Refreshed, I ventured out on my veranda to discover a Fantasy Island setting of thatch roofed cottages, fish ponds, water fountains, swimming pool, lush tropical gardens, moss-enshrouded shrines and statues all surrounded by a sea of rice paddies. My breakfast, the first of many in our home stay's open-air café, consisted of exotic fruit salads and juices, banana honey crepes, sweet black rice porridge, omelets, thick Balinese coffee and tea. It was hard for me to believe that my six-week sabbatical proposal to study mask carving had led me to this paradise. I always thought artists and academics were supposed to suffer.

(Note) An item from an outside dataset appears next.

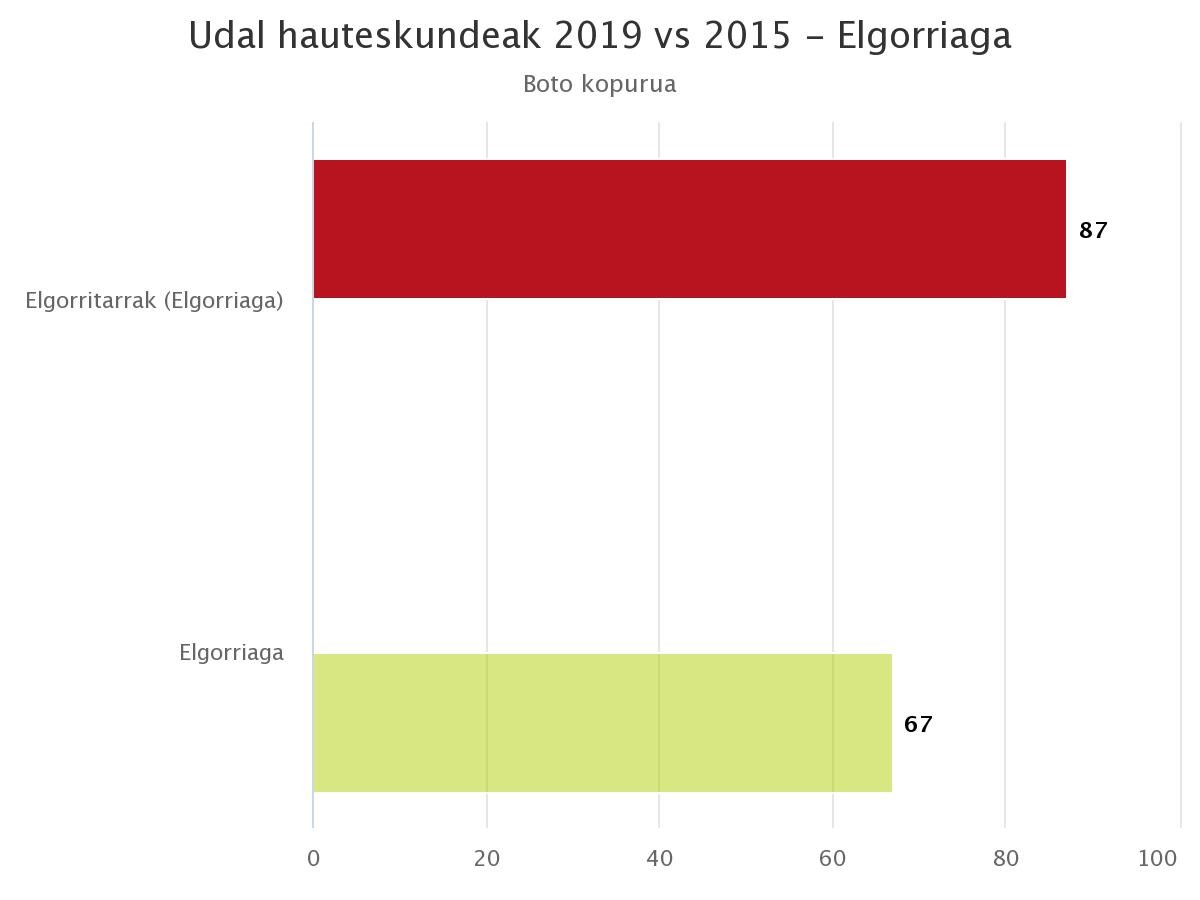 Elgorriagan ere udalbatza aukeratu dute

After several days of helpful orientation sessions to Balinese culture, language and customs by the Dell'Arte faculty, I was ready to begin my formal instruction in mask carving. One of our first lessons had been riding the rickety vans or bemos that shuttle natives and tourists, or tamu, between villages. I stepped off the bemo into the brilliant sun and stifling heat on the main street of Mas, a village famous for its many mask and woodcarving shops.

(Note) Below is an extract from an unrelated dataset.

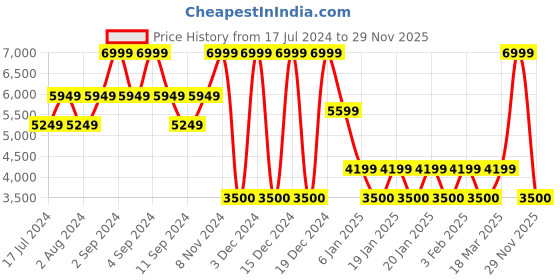 ajio.com steve madden Rectangular Sunglasses - X17398 steve madden Price History Graph from 17 Jul 2024 to 29 Nov 2025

I entered a winding alleyway leading to the family compound of my Balinese mask carving teacher I. Ketut Molog and fully into a third world culture. Ketut's extended family and apprentices live together in this compound along with an array of dogs, chickens, ducks and pigs. Domestic activities blend with carving as the women come and go to market, wash clothes, prepare daily meals, feed the animals, dry rice in the sun, make daily offerings to their Hindu deities, and sand and polish the finished masks. Men pass through the studio to and from the rice fields behind the compound, make house repairs, maintain the family motorcycles and carve their masks. It was in this domestic setting that I learned the fundamentals of carving and much about the Balinese way of life.
My first carving lesson was very different from my own teaching style in America. There was no syllabus with an outline of educational objectives, topic headings, evaluation scale and absence policy. We had no introductory discussion about carving history or philosophy, no formal demonstration of tool usage and maintenance, no step-by-step outline for learning basic carving practices progressing towards more complicated techniques. Ketut simply asked what kind of mask I would like to carve and we began. I would learn by actually carving a mask; first by observing Ketut's technique and then by attempting to copy it.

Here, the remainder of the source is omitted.